I can't stand New Year's Eve.
Like, I actually might even hate it... Yep, I hate it.
If you are one of those people who simply love New Year's, with all its drinking, resolutions and frantic "who am I going to kiss at midnight" extravaganzas, I advise you read no further.
Because this ain't gonna be pretty.
This is for those of us who would rather just be sitting on the couch with a glass of vino, watching that ridiculous movie "New Year's Eve" (anything with Zac Efron and I'm in) and calling it a night at 8 pm.
But in all honesty, and at the risk of sounding like someone who is a complaining asshole, I simply cannot stand it.
It's not just the fact that the holiday exists (I mean, holidays are great, don't get me wrong) so much as it is the whole consensus around the actual countdown to the end of the year and the expectations that come with it.
I can't tell you how many messages I've received asking, "What are you doing for New Year's?" to which I have subsequently rolled my eyes and contemplated not responding.
But I have to respond, you see. I have to.
So that brings me to reason number one for hating this holiday...
1. You're expected to do something significant, notable, fun.
I am expected to go out, to do... something (other than previous mentioned couch-potatoing), to present some kind of proof I have celebrated the end of a year and the beginning of a new in style.
And for what?
So I can fork out my hard-earned savings on a ticket to an event I probably won't even remember, then spend the first whole day of the new year hungover, eating Doritos? (Granted, the Doritos part doesn't sound so bad.)
Don't get me wrong, I'm all for fun, it's just, I don't want to feel forced into it just because it's New Year's Eve.
2. Since you are expected to go out, you have to choose where.
It's a difficult decision. There's a copious amount of events to choose from -- festivals, bars, clubs, house parties on top of house parties on top of house parties.
Can you round up all your friends into one venue?

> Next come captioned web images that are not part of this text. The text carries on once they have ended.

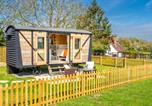 Location vacances Stansted Mountfitchet - Gin and Toffee Carriage-1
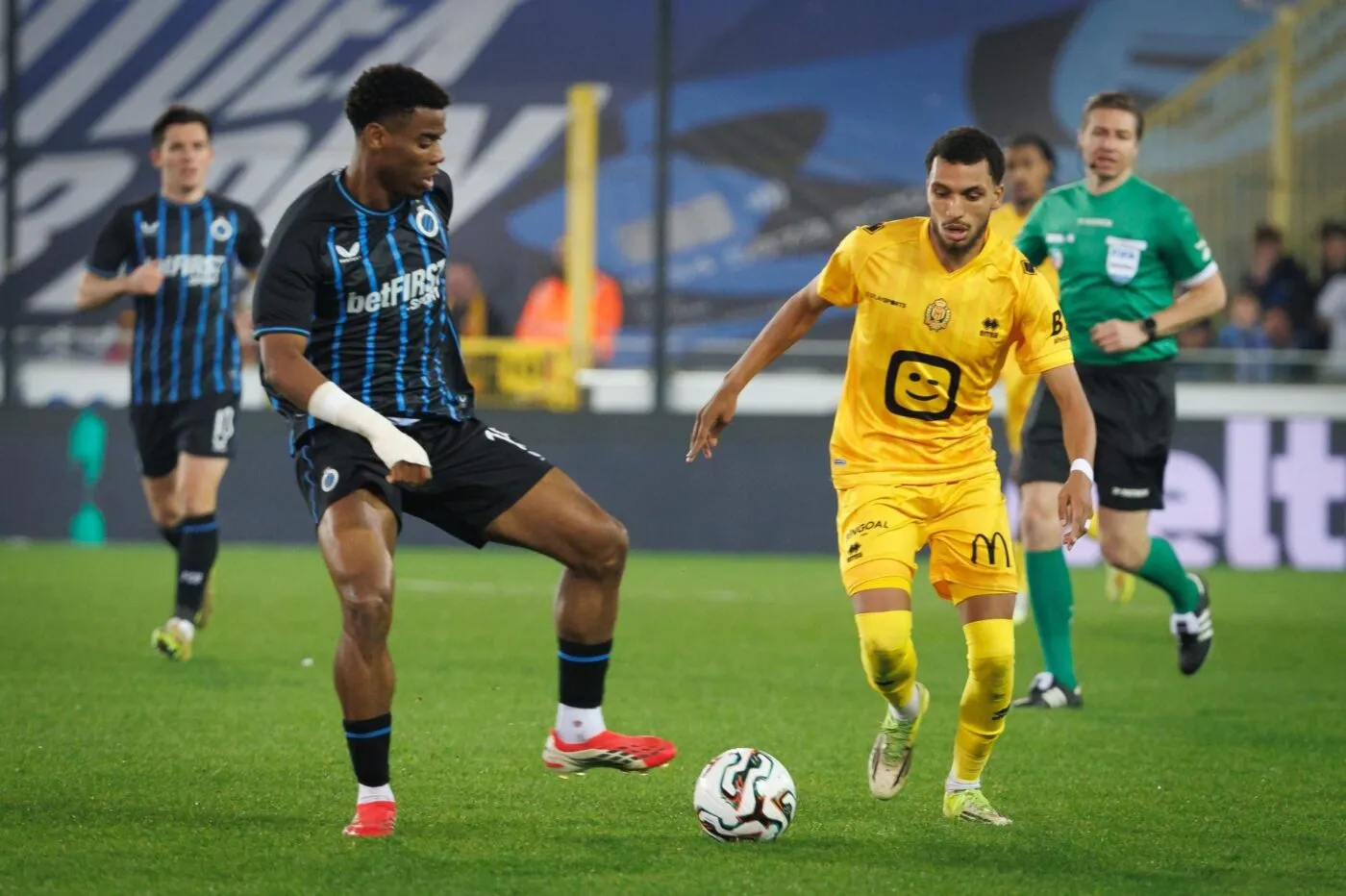 Quand des supporters belges suivent la victoire de Wout Van Aert sur Paris-Roubaix au stade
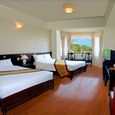 Phòng Senior Deluxe - The Light Hotel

Can you cripple yourself in enough Uber-debt to be able to justify it by attending everything? It seems all a bit too overwhelming, if you ask me.
The best New Year's I had was a spontaneous, unplanned affair where all my friends somehow ended up at my house during the day, swimming in the pool and having drinks, traipsing in and out from their various other events and cheering into the new year together with hugs and friendly kisses.
Like I said, though, it was unplanned. Nine times out of 10, you have to plan something.
3. The epic kiss doesn't exist.
Even when I've had someone I love to kiss when that ball drops, it's been a bit of an anticlimax. A cliche. Cringeworthy.
Every other kiss I had with that person was special because it was shared because we wanted to, not because some holiday told us it was "tradition."
And even so, chances of it being memorable? Slim, at best.
But what's the alternative? Be mortifyingly alone as the couples around you begin to embrace?
Yeah, look, no thanks.
4. People make faux-resolutions.
Everybody says they're going to do something differently. And while it's great to have goals and dreams, I think we can all admit New Year's resolutions are all bullshit.
Hands up, who's actually kept a resolution?
For the entire year?
Never once wavered?
(Actually once I did go an entire year without chocolate, but that just backs up my point -- New Year's makes us do absurd, unnecessary things!)
Anyway, so many people vow to do these things just because it's a "new" year -- there's the element of a new, fresh, start.
It's a nice sentiment, but it's wrong.
Things from the two seconds before are still going to be there, even though it's a new year! #sorrynotsorry
5. The whole "new year, new me" you suddenly hear coming out of people's mouths is ridiculous.
You're the same motherfucker you were two seconds ago, right before we whipped out the sparklers and the party-poppers.
Change doesn't happen instantly...
Having said that, 2016 was definitely a ball-breaker, and I can't wait to leave its sorry ass behind!
But my advice is this: Do what you want to do, and not what this stupid holiday tells you to do.